Find "Photo for Air" in the material below, then copy that line and every subsequent line to the end, exactly.
_ _ _
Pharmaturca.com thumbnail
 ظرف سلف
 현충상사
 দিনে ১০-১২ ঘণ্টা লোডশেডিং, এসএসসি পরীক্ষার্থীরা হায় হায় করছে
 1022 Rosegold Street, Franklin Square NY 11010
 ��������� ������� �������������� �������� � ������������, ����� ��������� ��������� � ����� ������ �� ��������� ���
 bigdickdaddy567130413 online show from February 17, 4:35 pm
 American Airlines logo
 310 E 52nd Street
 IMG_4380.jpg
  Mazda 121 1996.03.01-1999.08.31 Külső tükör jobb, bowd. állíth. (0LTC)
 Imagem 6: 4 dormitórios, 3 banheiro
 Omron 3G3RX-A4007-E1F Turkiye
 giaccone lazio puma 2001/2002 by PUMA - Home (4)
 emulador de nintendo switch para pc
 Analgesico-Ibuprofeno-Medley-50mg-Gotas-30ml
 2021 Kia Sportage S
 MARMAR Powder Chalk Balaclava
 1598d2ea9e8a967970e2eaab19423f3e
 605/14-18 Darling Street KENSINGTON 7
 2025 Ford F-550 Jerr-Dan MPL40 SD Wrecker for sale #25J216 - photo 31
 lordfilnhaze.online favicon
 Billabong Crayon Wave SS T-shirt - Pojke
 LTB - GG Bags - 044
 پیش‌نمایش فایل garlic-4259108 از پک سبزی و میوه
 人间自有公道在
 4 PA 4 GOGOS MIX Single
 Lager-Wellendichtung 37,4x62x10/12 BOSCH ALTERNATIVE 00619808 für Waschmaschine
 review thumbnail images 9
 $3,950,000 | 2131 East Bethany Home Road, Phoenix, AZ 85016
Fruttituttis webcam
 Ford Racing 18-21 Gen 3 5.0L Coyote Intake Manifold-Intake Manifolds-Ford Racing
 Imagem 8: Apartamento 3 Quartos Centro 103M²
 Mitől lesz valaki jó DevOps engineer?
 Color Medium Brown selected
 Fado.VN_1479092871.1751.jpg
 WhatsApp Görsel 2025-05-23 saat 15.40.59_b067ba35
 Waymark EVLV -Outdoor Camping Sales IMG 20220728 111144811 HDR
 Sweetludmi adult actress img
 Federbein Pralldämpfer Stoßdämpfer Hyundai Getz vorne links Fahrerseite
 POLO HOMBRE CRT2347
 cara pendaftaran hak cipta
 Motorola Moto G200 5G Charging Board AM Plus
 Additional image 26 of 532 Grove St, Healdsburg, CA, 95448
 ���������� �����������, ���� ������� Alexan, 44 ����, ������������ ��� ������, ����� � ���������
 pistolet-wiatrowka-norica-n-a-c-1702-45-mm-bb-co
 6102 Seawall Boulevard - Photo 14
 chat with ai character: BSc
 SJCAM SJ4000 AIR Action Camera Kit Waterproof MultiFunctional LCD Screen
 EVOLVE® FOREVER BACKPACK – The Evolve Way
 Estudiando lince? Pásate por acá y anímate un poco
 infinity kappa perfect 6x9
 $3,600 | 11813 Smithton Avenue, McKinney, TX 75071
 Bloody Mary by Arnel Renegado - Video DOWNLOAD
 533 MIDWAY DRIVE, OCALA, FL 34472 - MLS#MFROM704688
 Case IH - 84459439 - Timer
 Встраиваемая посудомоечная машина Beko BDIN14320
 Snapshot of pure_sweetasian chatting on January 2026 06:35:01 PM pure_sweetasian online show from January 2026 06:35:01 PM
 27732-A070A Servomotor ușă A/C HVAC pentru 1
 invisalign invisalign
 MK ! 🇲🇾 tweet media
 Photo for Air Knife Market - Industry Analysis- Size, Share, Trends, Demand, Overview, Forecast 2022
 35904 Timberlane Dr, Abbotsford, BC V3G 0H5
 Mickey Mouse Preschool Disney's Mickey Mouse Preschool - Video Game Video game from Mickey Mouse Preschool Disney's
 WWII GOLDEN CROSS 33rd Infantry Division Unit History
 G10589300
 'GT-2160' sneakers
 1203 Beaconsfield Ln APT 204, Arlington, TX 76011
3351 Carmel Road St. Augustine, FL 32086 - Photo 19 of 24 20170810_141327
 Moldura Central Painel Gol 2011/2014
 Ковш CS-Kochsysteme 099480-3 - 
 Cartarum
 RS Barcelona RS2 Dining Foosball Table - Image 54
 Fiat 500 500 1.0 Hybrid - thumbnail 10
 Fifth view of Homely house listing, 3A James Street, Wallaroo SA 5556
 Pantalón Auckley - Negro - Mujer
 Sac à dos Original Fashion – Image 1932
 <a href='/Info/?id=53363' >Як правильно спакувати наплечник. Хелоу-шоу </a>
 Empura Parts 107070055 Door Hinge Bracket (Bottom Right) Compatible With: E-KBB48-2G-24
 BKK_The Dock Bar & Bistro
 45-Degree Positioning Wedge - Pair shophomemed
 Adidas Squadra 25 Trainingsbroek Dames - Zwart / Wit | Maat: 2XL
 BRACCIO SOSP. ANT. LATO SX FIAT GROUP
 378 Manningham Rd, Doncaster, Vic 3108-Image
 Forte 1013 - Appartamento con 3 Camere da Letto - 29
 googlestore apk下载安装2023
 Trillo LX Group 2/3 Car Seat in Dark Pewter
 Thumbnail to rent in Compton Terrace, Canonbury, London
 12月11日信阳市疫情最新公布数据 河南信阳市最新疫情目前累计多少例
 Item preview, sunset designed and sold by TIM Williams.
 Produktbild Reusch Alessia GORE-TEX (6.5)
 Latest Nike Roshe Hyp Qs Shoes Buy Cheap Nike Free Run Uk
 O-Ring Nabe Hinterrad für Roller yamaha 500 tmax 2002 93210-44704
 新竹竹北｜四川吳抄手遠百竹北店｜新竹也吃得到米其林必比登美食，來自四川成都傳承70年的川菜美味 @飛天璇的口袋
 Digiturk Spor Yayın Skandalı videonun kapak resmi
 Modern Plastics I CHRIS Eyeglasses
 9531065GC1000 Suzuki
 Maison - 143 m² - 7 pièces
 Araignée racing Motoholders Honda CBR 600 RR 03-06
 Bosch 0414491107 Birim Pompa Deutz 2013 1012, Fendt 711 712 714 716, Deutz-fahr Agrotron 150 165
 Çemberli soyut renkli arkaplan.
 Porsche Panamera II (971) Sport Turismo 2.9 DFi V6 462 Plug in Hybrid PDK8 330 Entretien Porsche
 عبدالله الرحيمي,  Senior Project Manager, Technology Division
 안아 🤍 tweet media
_ _ _
__COMPLETED TASK__.
 Photo for Air Knife Market - Industry Analysis- Size, Share, Trends, Demand, Overview, Forecast 2022
 35904 Timberlane Dr, Abbotsford, BC V3G 0H5
 Mickey Mouse Preschool Disney's Mickey Mouse Preschool - Video Game Video game from Mickey Mouse Preschool Disney's
 WWII GOLDEN CROSS 33rd Infantry Division Unit History
 G10589300
 'GT-2160' sneakers
 1203 Beaconsfield Ln APT 204, Arlington, TX 76011
3351 Carmel Road St. Augustine, FL 32086 - Photo 19 of 24 20170810_141327
 Moldura Central Painel Gol 2011/2014
 Ковш CS-Kochsysteme 099480-3 - 
 Cartarum
 RS Barcelona RS2 Dining Foosball Table - Image 54
 Fiat 500 500 1.0 Hybrid - thumbnail 10
 Fifth view of Homely house listing, 3A James Street, Wallaroo SA 5556
 Pantalón Auckley - Negro - Mujer
 Sac à dos Original Fashion – Image 1932
 <a href='/Info/?id=53363' >Як правильно спакувати наплечник. Хелоу-шоу </a>
 Empura Parts 107070055 Door Hinge Bracket (Bottom Right) Compatible With: E-KBB48-2G-24
 BKK_The Dock Bar & Bistro
 45-Degree Positioning Wedge - Pair shophomemed
 Adidas Squadra 25 Trainingsbroek Dames - Zwart / Wit | Maat: 2XL
 BRACCIO SOSP. ANT. LATO SX FIAT GROUP
 378 Manningham Rd, Doncaster, Vic 3108-Image
 Forte 1013 - Appartamento con 3 Camere da Letto - 29
 googlestore apk下载安装2023
 Trillo LX Group 2/3 Car Seat in Dark Pewter
 Thumbnail to rent in Compton Terrace, Canonbury, London
 12月11日信阳市疫情最新公布数据 河南信阳市最新疫情目前累计多少例
 Item preview, sunset designed and sold by TIM Williams.
 Produktbild Reusch Alessia GORE-TEX (6.5)
 Latest Nike Roshe Hyp Qs Shoes Buy Cheap Nike Free Run Uk
 O-Ring Nabe Hinterrad für Roller yamaha 500 tmax 2002 93210-44704
 新竹竹北｜四川吳抄手遠百竹北店｜新竹也吃得到米其林必比登美食，來自四川成都傳承70年的川菜美味 @飛天璇的口袋
 Digiturk Spor Yayın Skandalı videonun kapak resmi
 Modern Plastics I CHRIS Eyeglasses
 9531065GC1000 Suzuki
 Maison - 143 m² - 7 pièces
 Araignée racing Motoholders Honda CBR 600 RR 03-06
 Bosch 0414491107 Birim Pompa Deutz 2013 1012, Fendt 711 712 714 716, Deutz-fahr Agrotron 150 165
 Çemberli soyut renkli arkaplan.
 Porsche Panamera II (971) Sport Turismo 2.9 DFi V6 462 Plug in Hybrid PDK8 330 Entretien Porsche
 عبدالله الرحيمي,  Senior Project Manager, Technology Division
 안아 🤍 tweet media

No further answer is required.